Context and thread for executing actions

I have a plugin (Vera2 UI5) that expects to have a service action of a device instance triggered by an HTTP call from an external device as follows:

http://:3480/data_request?id=action&DeviceNum=&serviceId=&action=SetPresent&newPresentValue=

No problem triggering the action. This action read/writes to local variables and also does luup.variable_set and luup.call_delay (used for a timeout check).

So my problem is that I have more than one HTTP client triggering the action for a single device instance and the two clients are asynchronous. When the actions are triggered more than, say, 2 seconds apart, everything runs just fine. When two HTTP clients trigger the same action within about 200ms of each other, I get a LuuP crash/restart.
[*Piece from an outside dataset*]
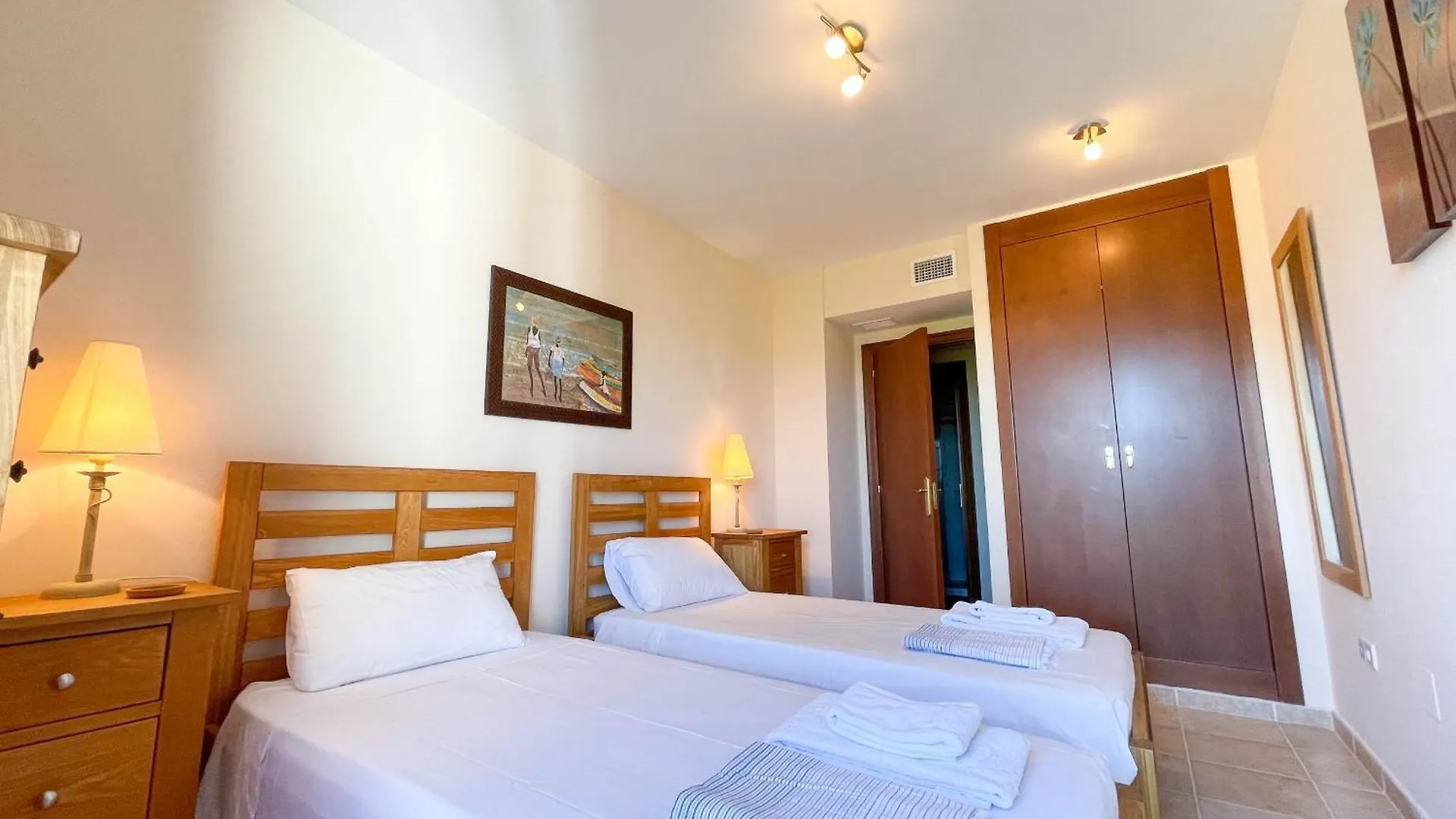 Bri02 Bright 2 Bedroom Apartment Ayamonte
So this raises my concerns about what thread is running and what context is running at certain times. It was my understanding (perhaps wrong!) from many messages in this forum, that each device instance (I only have 1 of these) is in it’s own Luup context (assuming that means local variable instances) and also has two threads. Don’t know why 2 threads. What is not clear is whether the HTTP parsing calls the action function or whether it “messages”, “queues” or similiar, the device to perform the action. Or worse yet, it creates a job (which I haven’t seen defined very well) that executes the action and the job has its own thread.

So, I ask:

  1. what is a luup context
  2. what are the two threads per device instance used for
  3. in what thread are the service actions of a device instance executed
  4. in what thread and context are callbacks executed (specifically call_delay, but other callbacks as well)
  5. what is a job and in what thread and context are the jobs run

Though I’m no expert, I have 30 years of experience in mutlitasking, embedded programming. I always prefer to understand the architecture of the system so I can then solve my own problems rather that bug you guys to fix them. That is why I intentionally haven’t posted code or other specifics. Having said that, I’m very happy to answer any questions and provide any code.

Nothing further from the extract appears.